A: for 词典里的每个单词 { check 单词是否在矩阵里 } (sol 1)

B: for 矩阵的每个单词 { check 单词是否在词典里} (sol 2) prefix map, or data structure called "trie"

sol 1 reuse 79 word search -- time over

for each word call 79.word search solution to solve

class Solution:
    def findWords(self, board: List[List[str]], words: List[str]) -> List[str]:
        if not board:
            return []

        rowleng = len(board)
        colleng = len(board[0])

        founded_words = []
        for word in words:
            visited = [[False] * colleng for _ in range(rowleng)]
            found = False
            for i in range(rowleng):
                for j in range(colleng):
                    if board[i][j] == word[0]:
                        visited[i][j] = True
                        found = self.dfs(board, i, j, word, 1, [board[i][j]], visited, rowleng, colleng)
                        visited[i][j] = False
                        if found:
                            founded_words.append(word)
                            break
                if found:
                    break
        return founded_words

    def dfs(self, board, i, j, word, wordindex, currsubset, visited, rowleng, colleng):
        # print("".join(currsubset), word, wordindex)
        if wordindex > len(word):
            return False
        if "".join(currsubset) == word:
            return True

        for offsetx, offsety in [[0,1], [0,-1],[1,0],[-1,0]]:
            newx, newy = i + offsetx, j + offsety
            if not (0 <= newx <= rowleng-1 and 0 <= newy <= colleng-1) or visited[newx][newy]:
                continue
            newletter = board[newx][newy]
            if newletter == word[wordindex]:
                currsubset.append(newletter)
                visited[newx][newy] = True
                found = self.dfs(board, newx, newy, word, wordindex+1, currsubset, visited, rowleng, colleng)
                currsubset.pop()
                visited[newx][newy] = False
                if found:
                    return True
        return False

sol 2 pre-process words and prepare all possible prefixes

class Solution:
    def findWords(self, board: List[List[str]], words: List[str]) -> List[str]:
        if not board:
            return []

        rowleng = len(board)
        colleng = len(board[0])
        prefix_is_word = self.setupPrefix(words)
        resultsset = set()
        visited = [[False] * colleng for _ in range(rowleng)]
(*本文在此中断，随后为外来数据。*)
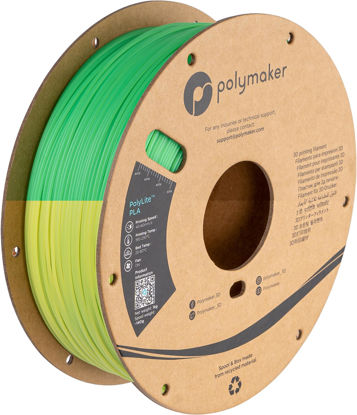 Picture of Polymaker Green to Lime PLA Filament 1.75mm Color Changing with Temperature PLA 3D Printer Filament 1kg - PolyLite 1.75 PLA Filament Temperature Color Change 2 Colors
        for i in range(rowleng):
            for j in range(colleng):
                if board[i][j] in prefix_is_word:
                    visited[i][j] = True
                    self.dfs(board, i, j, board[i][j], prefix_is_word, resultsset, visited, rowleng, colleng)
                    visited[i][j] = False
        return list(resultsset)
    
    def dfs(self, board, i, j, currsubsetstr, prefix_is_word, resultsset, visited, rowleng, colleng):
        if currsubsetstr not in prefix_is_word:
            return
        if prefix_is_word[currsubsetstr]:
            resultsset.add(currsubsetstr)
        
        for offsetx, offsety in [[0, 1], [0, -1], [1, 0], [-1, 0]]:
            newx, newy = i + offsetx, j + offsety
            if not (0 <= newx <= rowleng-1 and 0 <= newy <= colleng-1) or visited[newx][newy]:
                continue
            visited[newx][newy] = True
            self.dfs(board, newx, newy, currsubsetstr+board[newx][newy], prefix_is_word, resultsset, visited, rowleng, colleng)
            visited[newx][newy] = False
            


    def setupPrefix(self, words):
        prefix_is_word = {}
        for word in words:
            for i in range(len(word)):
                prefix_is_word[word[:i+1]] = False
        for word in words:
            prefix_is_word[word] = True
        return prefix_is_word

sol 3 trie

similar to sol2 but replace prefix map with trie

使用了 Trie 的版本

考点:

  • 字典树
  • dfs
  • tip:trie树,一种树形结构,是一种哈希树的变种。典型应用是用于统计,排序和保存大量的字符串(但不仅限于字符串),所以经常被搜索引擎系统用于文本词频统计。

题解:

  • 首先建立字典树,字典树从root开始,每个节点利用hashmap动态开点,利用字母的公共前缀建树。
  • 遍历字母矩阵,将字母矩阵的每个字母,从root开始dfs搜索,搜索到底部时,将字符串存入答案返回即可。
class TrieNode:
    def __init__(self) -> None:
        self.children = dict()
        self.is_end_of_word = False # 是否是单词最后一个字母
        self.word = None # 为了方便也保存下完整单词

class Trie:
    def __init__(self) -> None:
        self.root = TrieNode()

    def add(self, word): #字典树插入单词
        currnode = self.root
        for letter in word:
            if letter not in currnode.children:
                currnode.children[letter] = TrieNode() #在此节点申请节点
            currnode = currnode.children[letter] #继续遍历
        currnode.is_end_of_word = True #last letter marked as end of word
        currnode.word = word #存入单词

class Solution:
    def findWords(self, board: List[List[str]], words: List[str]) -> List[str]:
        if not board:
            return []

        rowleng = len(board)
        colleng = len(board[0])
        trie = Trie()
        for word in words:
            trie.add(word)
            
        resultsset = set()
        visited = [[False] * colleng for _ in range(rowleng)]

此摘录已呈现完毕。